On December 8, 2009 the first hearing took place regarding the MOE's appeal against the Bucharest Court of Appeal decision compelling the MOE to issue two dam safety permits for the Rosia Montana project to RMGC. This case remains ongoing before the Supreme Court of Romania. On December 18th, 2009 RMGC filed its final appeal against the Bucharest Court of Appeal decision of July 1, 2009 which dismissed our claim challenging the grounds for suspension of the EIA review procedure for the Rosia Montana Project. This appeal will be heard by the Supreme Court of Romania.

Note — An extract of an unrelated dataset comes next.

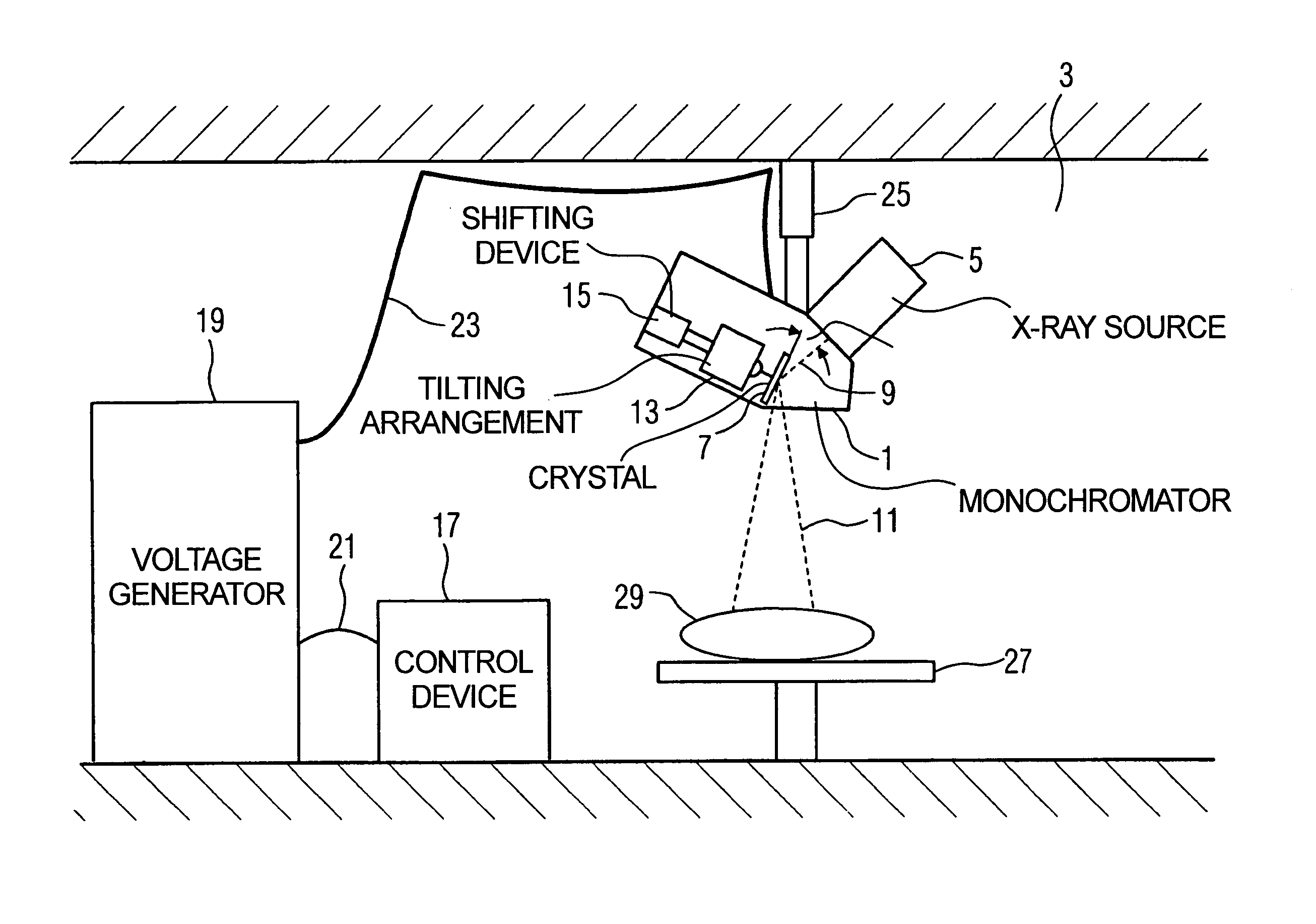 Monochromator for an X-ray radiator allowing modification of the X-ray spectral composition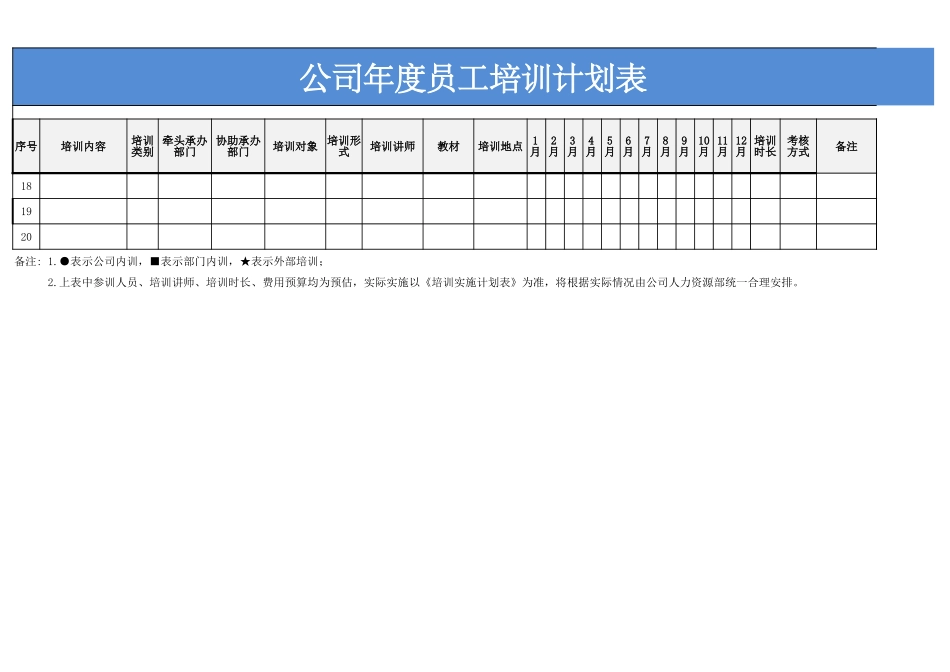 【计划表】-10-公司年度培训计划表模板 (2).xlsx_第2页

Litigation concerning urbanism certificate No. 68, Archaeological Discharge Certificate No.5, and RMGC challenges to decisions related to two assessments issued in 2008 also continue through the Romanian courts. No other definitive decisions related to outstanding litigation were issued during the fourth quarter of 2009.

Surface Rights

As a result of the suspension of the EIA review process in September 2007, the home purchase program was suspended indefinitely in February 2008. The Company owns 77 percent of the homes in the industrial zone, protected area and the buffer zone.

In addition to the private properties required, the Company needs to acquire properties (about 35 percent of the surface area of the Project), which are owned by institutions, including the local administrations of Rosia Montana and Abrud, as well as certain churches and state-owned mining companies. The process to acquire the institutional properties is underway and expected to be completed after the approval of the EIA.

Once the Company completes the agreements for institutional properties, its ownership will rise to approximately 85 percent of the industrial zone of the Project, further demonstrating strong local support for the Project. Ultimately, the Company's ability to obtain construction permits for the mine and plant is predicated on securing 100 percent of the surface rights in the industrial zone, the timing of which is not entirely within the Company's control.

Resettlement Sites

Construction of the Alba Iulia resettlement site, known as Recea, began in summer 2007. Infrastructure was completed during the third quarter 2008. The construction of all 125 homes of Recea resettlement site in Alba Iulia has been physically completed with 124 homes handed over to their respective owners. The last home will be handed over and legal transfer of seven remaining homes will be finalized in the first quarter of 2010. This project has attracted attention regionally and nationally for the quality of its design and construction and it is a visible testimony to the determination of the Company to deliver on its promises to the people of Rosia Montana.

The Company is currently working to obtain permits for the construction of Piatra Alba, the new resettlement village to be built in Rosia Montana. The Company was hoping to begin construction towards the end of 2009. Delays in permitting process have changed the expected time to obtaining the construction permit to the second quarter of 2010. Planning is advancing in order to allow mobilization on granting of the construction permits.

Archaeology

An archaeological review of historic mining activity at Rosia Montana is a critical step in the granting of the construction permit to build the Project. An archaeological discharge certificate is required for all of the area under the footprint of the proposed mine.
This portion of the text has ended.